If you are a web forms veteran and are looking at ASP.Net MVC for the first time, it is over whelming. This is a whole different world that is much different than what you are used to. There is potentially a huge learning curve for you to overcome. There are two main paths you can take:
· Master Web API and find a front-end developer who knows his stuff
o Get a firm understating of the MVC concepts. Get a few books. Watch the Pluralsight MVC 3 video. This is an entire course and it is very good. They are allowing free access to it at the following URL http://www.pluralsight-training.net/microsoft/courses/TableOfContents?courseName=aspdotnet-mvc3-intro&highlight=scott-allen_mvc3-building-intro!scott-allen_mvc3-building-controllers!scott-allen_mvc3-building-security!scott-allen_mvc3-building-ajax!scott-allen_mvc3-building-infrastructure!scott-allen_mvc3-building-deploy!scott-allen_mvc3-building-views!scott-allen_mvc3-building-data-ii!scott-allen_mvc3-building-tdd!scott-allen_mvc3-building-data-i-2#mvc3-building-intro
o Gain an understanding of HTTP. You need to know the protocol inside and out.
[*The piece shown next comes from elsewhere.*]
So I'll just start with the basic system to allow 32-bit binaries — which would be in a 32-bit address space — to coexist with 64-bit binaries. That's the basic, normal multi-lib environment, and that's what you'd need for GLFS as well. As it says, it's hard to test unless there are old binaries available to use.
Don’t hide behind tools. Be able to write HTTP headers in a text editor. This is required to debug your service.
· Jump into the fire and in addition to learning the things mentioned above also learn the following:
o HTML 5 - Learn the new markup techniques. (Hint- it’s much more than just the AUDIO tag.)
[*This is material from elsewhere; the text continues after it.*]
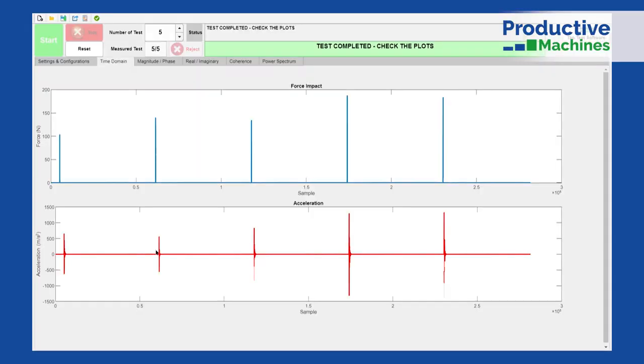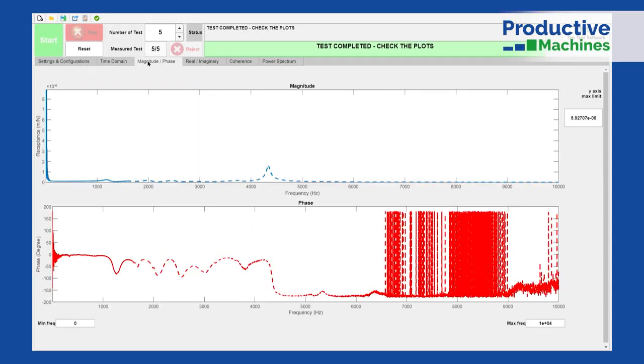The frequency response function, FRF, can also be used for predictive maintenance. Tracking natural frequencies of the spindle and tool holder enables identification of any variations, hence any wear appearing on the bearings. This helps us to monitor the health of the spindle and prevent any downtime.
o CSS 3 – This is the bread and butter of the web design world. (Hint – if you are still using tables for layout you are doing it wrong.
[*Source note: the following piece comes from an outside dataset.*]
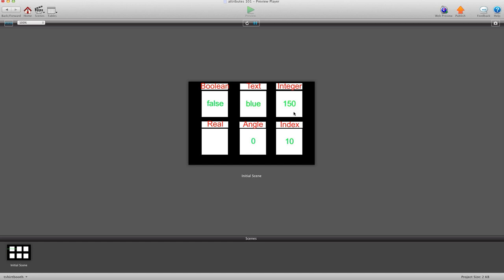When it comes to decimal places, you want to use something called a real attribute. And that's mainly when you're controlling time or mouse position or an actor's location.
o JQuery – Hopefully you gave up on the ASP.Net Ajax stuff a few years ago and stayed away from the evil that is the Update Panel. I started using JQuery a few years ago. It is the only sane approach to take for front end development. If you have not yet worked with it get a book and start reading. The books are only a starting point. To Really learn it you need to spend some time coding and reading the API docs. Even if you go the Web API route you still should get an understanding of JQuery since this is how must people will be consuming your services
o Client Side Templates and Data Binding – This is a bit of the server side rendering school of thought applied client side. Picking a library and gaining a deep understanding of it is essential to succeeding in this new world. The Knockout library that comes with your MVC project has an excellent templating library.
Setting up the Project
The first step was to download and install the MVC 4 Beta from http://www.asp.net/mvc/mvc4
. The download and install took around 20 minutes. Another option could have been to download the Visual Studio 11 Beta. This has MVC 4 built-in and also allows you to create ASP.Net 4.5 applications. I think both options are fine but I am waiting for the next beta before I do any real coding since there are still some stability issues.
In the new project wizard, I selected MVC 4 web application. This starts a Wizard that asks you what type of project you want to create and few other details. For the MOB project I selected the “Internet Application” template. This template starts you off with two Controllers:
· Home Controller – Basic logic for your home page
· Account Controller – Basic registration and change your password pages
It also has a favicon, some images, views to go with the controllers.
The template also gives you a vsdoc version of jquery 1.6, along with plugins for validation, unobtrusive ajax, and JQuery UI 1.8. It also has knockout 2.0 and modernizer 2.0.6.